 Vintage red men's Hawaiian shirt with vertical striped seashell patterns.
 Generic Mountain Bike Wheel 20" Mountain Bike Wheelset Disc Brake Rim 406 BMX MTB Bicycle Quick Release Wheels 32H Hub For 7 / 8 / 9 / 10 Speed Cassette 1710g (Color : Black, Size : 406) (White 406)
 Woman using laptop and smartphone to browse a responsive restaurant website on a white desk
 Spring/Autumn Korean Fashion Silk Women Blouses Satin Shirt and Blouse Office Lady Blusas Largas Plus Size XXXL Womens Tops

◇ ◇ ◇

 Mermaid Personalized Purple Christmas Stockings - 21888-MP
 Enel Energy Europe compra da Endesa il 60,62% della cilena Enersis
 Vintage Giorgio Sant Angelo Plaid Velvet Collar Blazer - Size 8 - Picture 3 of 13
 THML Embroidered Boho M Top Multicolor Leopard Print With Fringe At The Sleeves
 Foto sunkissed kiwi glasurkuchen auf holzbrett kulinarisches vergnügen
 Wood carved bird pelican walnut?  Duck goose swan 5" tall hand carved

◇ ◇ ◇

> [Directions for this task]
Starting at the line above that contains "Vintage red men's", write out each line exactly until the line that contains "Spring/Autumn Korean Fashion" has been written, and stop there.

> [Reply to the exercise]
 Vintage red men's Hawaiian shirt with vertical striped seashell patterns.
 Generic Mountain Bike Wheel 20" Mountain Bike Wheelset Disc Brake Rim 406 BMX MTB Bicycle Quick Release Wheels 32H Hub For 7 / 8 / 9 / 10 Speed Cassette 1710g (Color : Black, Size : 406) (White 406)
 Woman using laptop and smartphone to browse a responsive restaurant website on a white desk
 Spring/Autumn Korean Fashion Silk Women Blouses Satin Shirt and Blouse Office Lady Blusas Largas Plus Size XXXL Womens Tops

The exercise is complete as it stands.